- [DATASET]
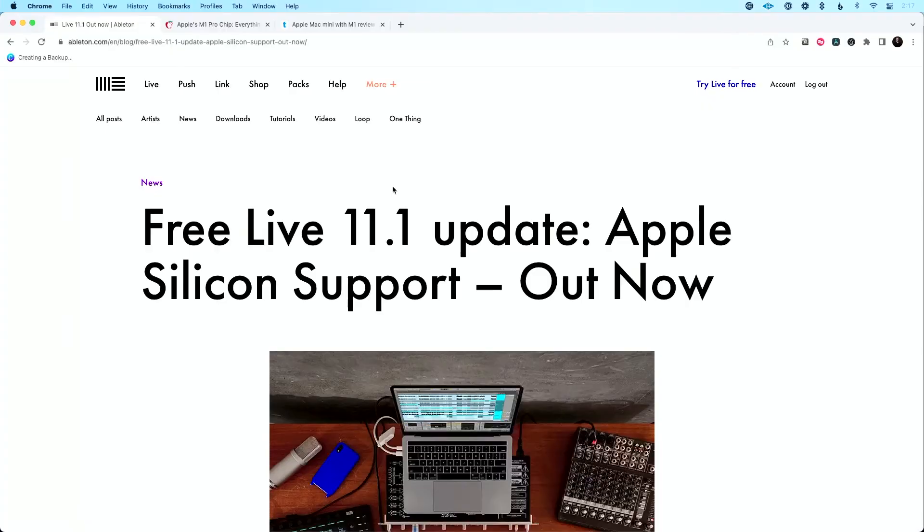I found a bug early on in Live 11 on Apple Silicon with drum racks and nested drum racks where my CPU would go super, super high and my audio would drop — a different issue than what we're talking about here. So to make sure you've solved any of those other issues, make sure you've updated to Live 11.1.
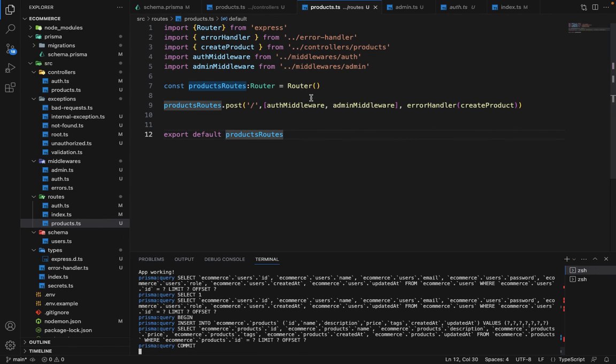In the next lectures, we will proceed forward and create other routes for the products, like get products, like the listing of the products and get product by IDs and updating everything. Let's see in the next lecture.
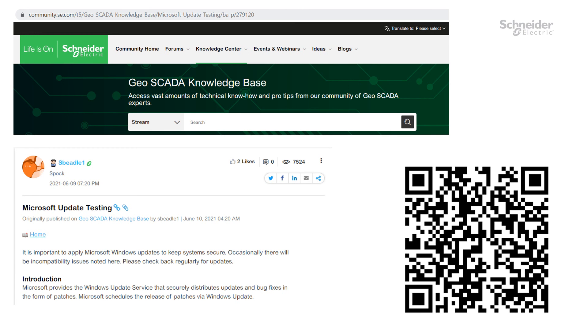There's a lot to discover in our new versions and we're continuing to innovate with new features in future releases. Please keep in touch with our blog, knowledge base and forums. Thank you.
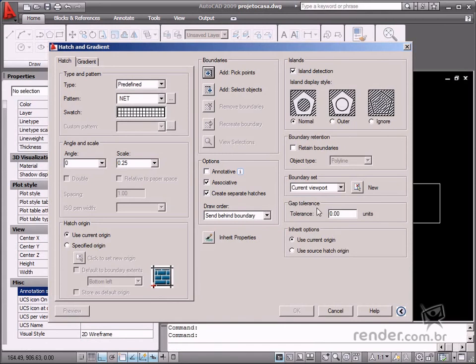Many times you see geometry sketched incorrectly or with mistakes, and so the tolerance value helps apply a hatch correctly to this type of object.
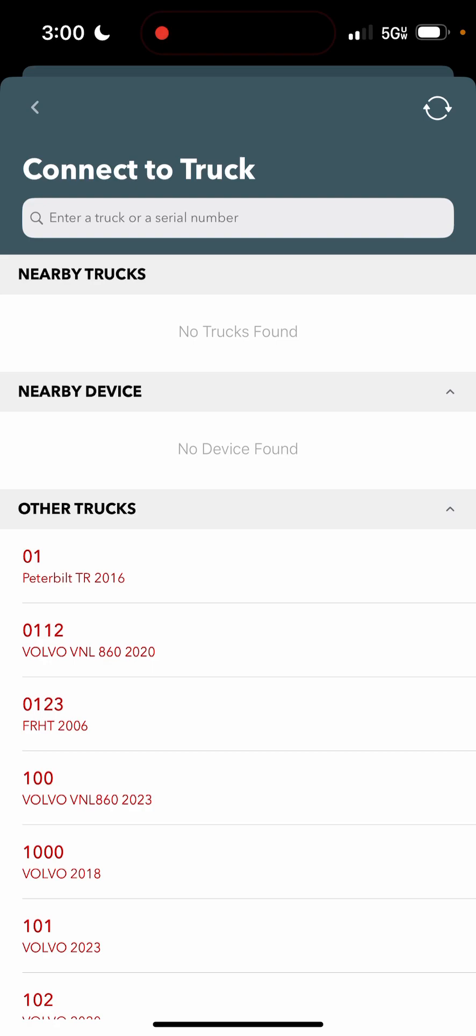You press on it, it'll load up a separate list of trucks. That separate list of trucks will include your truck number, which you then press. And once you do that, your truck number will show up at the top in green from that point forward.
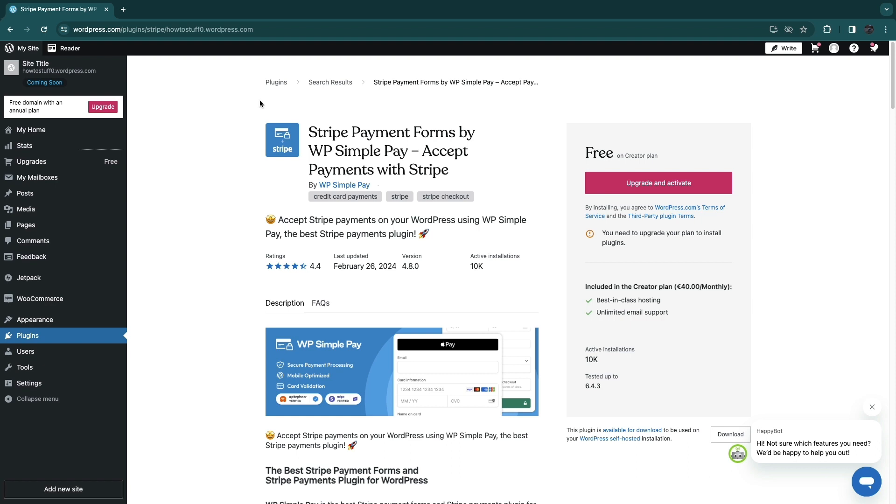It's very easy to use and the payments will go directly into your Stripe account from your WordPress website. So that's how to add a Stripe Payment Gateway to WordPress.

- [AIM OF THE TASK] Please print the span that begins at the line holding "Many times you" and ends at the last line of the data, both ends included, with no pictures.

- [RESULT OF THIS TASK]
Many times you see geometry sketched incorrectly or with mistakes, and so the tolerance value helps apply a hatch correctly to this type of object.
You press on it, it'll load up a separate list of trucks. That separate list of trucks will include your truck number, which you then press. And once you do that, your truck number will show up at the top in green from that point forward.
It's very easy to use and the payments will go directly into your Stripe account from your WordPress website. So that's how to add a Stripe Payment Gateway to WordPress.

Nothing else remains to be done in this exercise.